Dealing with Data

Sometimes collecting, cleaning, and organizing data is the most difficult part of a project. I have substantial experience in all of these areas and would love to help you efficiently carry out these tasks for your project!

 

Data Cleaning

  • I strongly believe that decisions made to transform ‘raw’ data into ‘clean’ data should be transparent, reproducible, and easy to modify. To do this effectively, I strongly recommend the use of R to implement data cleaning. I provide reproducible R code with every project so the details of the data cleaning can be understood, reproduced, and tweaked if necessary.
  • I also recommend R because it has the capacity to handle much bigger datasets than is feasible in programs like Excel or STATA. R is especially useful for cleaning messy, text-intensive datasets.
  • My background in ‘text as data’ has helped me become an expert at converting messy, unstructured data into organized, structured, and useful datasets using R.

 

Web Scraping

  • I have substantial experience scraping internet sources to collect and organize data. In past projects, I have scraped resources such as State Department reports, diplomatic cables, and basketball statistics.
  • I am very familiar with the usage of APIs to retrieve large amounts of data. In previous projects, I have deployed APIs to access international event data and historical embassy data.

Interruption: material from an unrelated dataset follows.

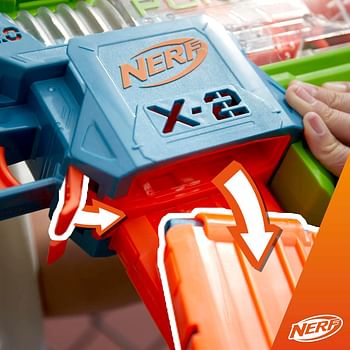Nerf Elite 2.0 Double Punch Motorized Dart Blaster, Rapid Alternating Barrels, 50 Nerf Elite Darts, 2x 10-Dart Clips, Ages 8 & Up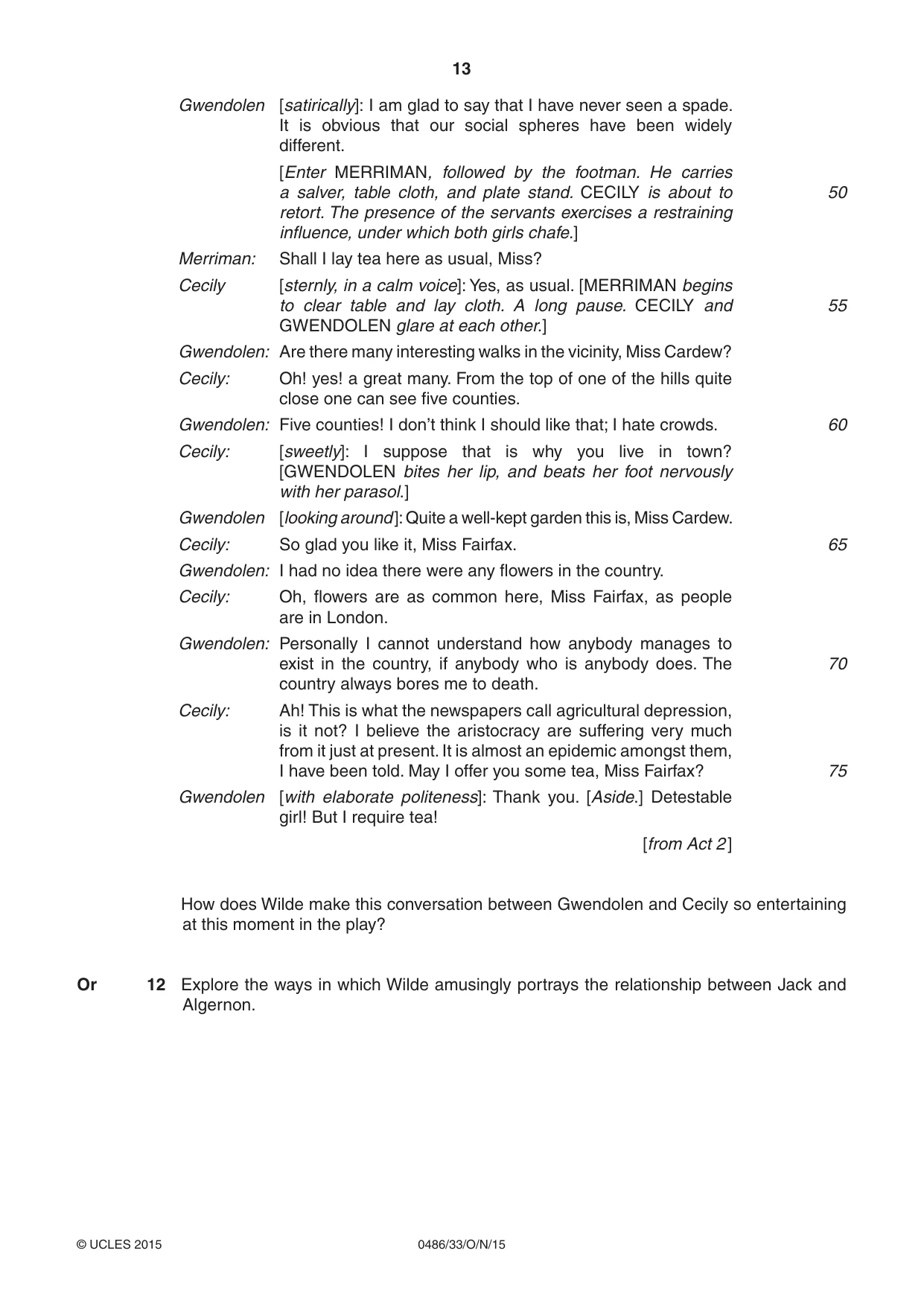Cambridge IGCSE English - Literature 0486 2015 Oct/Nov Paper 3 · Variant 3 question paper, page 13 of 16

I have also used APIs to utilize online machine-learned tools for automated content analysis.
  • I have created R scripts using RSelenium to access online data sources, such as vital statistics data sources, from the command line, which helps reduce the need to spend hours making manual queries.
  • I have used R to geocode and create a map of addresses indicating the service population for a social service program in the Memphis area.